La photographe japonaise Mika Ninagawa est déjà bien loin de son coup d’essai. Troisième long-métrage de la désormais réalisatrice, « Diner » fait bouillonner avec insistance le faitout esthétique en s’accaparant d’une allure de Moulin Rouge saturé au foodporn et à la mafia gastronomique. Adapté d’un manga d’Yumeaki Hirayama, le film suit ainsi la jeune et jolie Kanako, souffrant de solitude et désireuse de s’envoler au Mexique. Elle se retrouve dans le restaurant de Bombero, un mystérieux cuisinier ne servant que des tueurs sous contrat…
La première chose à interpeller, dans cet étrange ballet, c’est le rythme. Au départ assez lent, et dépeignant avec finesse la solitude de son héroïne, « Diner » chute rapidement dans ses retranchements commerciaux. Synthèse féministe mélangeant rythme de manga et esthétique de photo de mode, le film pourrait être un hybride intéressant si nous le filtrons à la manière d’une adaptation passionnée. Sinon, il s’avère un objet pop affichant sa modernité aux couleurs vives d’une manière presque insolente.

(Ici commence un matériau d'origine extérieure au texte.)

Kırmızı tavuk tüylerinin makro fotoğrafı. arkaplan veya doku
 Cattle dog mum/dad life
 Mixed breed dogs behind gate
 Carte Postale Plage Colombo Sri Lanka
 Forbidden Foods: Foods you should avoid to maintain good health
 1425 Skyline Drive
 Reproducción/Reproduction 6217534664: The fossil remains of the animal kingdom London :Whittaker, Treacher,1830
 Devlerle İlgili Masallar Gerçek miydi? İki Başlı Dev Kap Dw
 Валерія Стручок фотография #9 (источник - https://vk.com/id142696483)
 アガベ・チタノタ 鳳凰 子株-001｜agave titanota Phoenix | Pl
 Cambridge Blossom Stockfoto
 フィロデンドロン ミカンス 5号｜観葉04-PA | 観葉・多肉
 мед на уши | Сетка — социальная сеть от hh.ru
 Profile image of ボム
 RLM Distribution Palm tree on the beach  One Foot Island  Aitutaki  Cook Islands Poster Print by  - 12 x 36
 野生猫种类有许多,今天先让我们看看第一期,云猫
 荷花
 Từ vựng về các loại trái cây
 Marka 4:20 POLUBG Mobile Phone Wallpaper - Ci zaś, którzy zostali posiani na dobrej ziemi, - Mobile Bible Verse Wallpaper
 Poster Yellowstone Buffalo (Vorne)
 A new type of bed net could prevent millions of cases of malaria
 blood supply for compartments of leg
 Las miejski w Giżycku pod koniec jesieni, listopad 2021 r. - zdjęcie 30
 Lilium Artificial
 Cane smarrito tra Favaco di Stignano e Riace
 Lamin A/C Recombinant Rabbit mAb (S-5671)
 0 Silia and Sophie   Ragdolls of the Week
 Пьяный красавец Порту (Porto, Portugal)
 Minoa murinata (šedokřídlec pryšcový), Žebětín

Rutilant et cumulant sans vergogne nombre de clichés propres aux adaptations de manga, « Diner » révèle cependant comme une double face, autobiographique. Nombreux dans le film sont les flashbacks revenant à l’enfance de Kanako. Outre le fait que ces derniers soient la seule source d’émotion du film, on note qu’ils se déroulent dans un théâtre, probablement celui où Mika Ninagawa expliquait y avoir passé son enfance en interview. La suite, dans le restaurant où l’héroïne est prise en otage comme serveuse, s’interprète ainsi comme une satire discrète du milieu de la mode : superficiel, machiste, faux, insolent… Il est par ailleurs assez drôle de voir ces spadassins défiler comme des mannequins dans un lieu où ils sont voués à s’entretuer.
Si Mika Ninagawa s’avère désormais une réalisatrice dont les tribulations sont à suivre de près, « Diner » confirme cependant que son œuvre commence déjà à s’apparenter à un tsunami dans un verre d’eau. Beaucoup de décoration, mais aussi de potentielles profondeurs négligées par l’envie d’en découdre. Ça forcerait presque l’emploi de ce mot abject : stylé.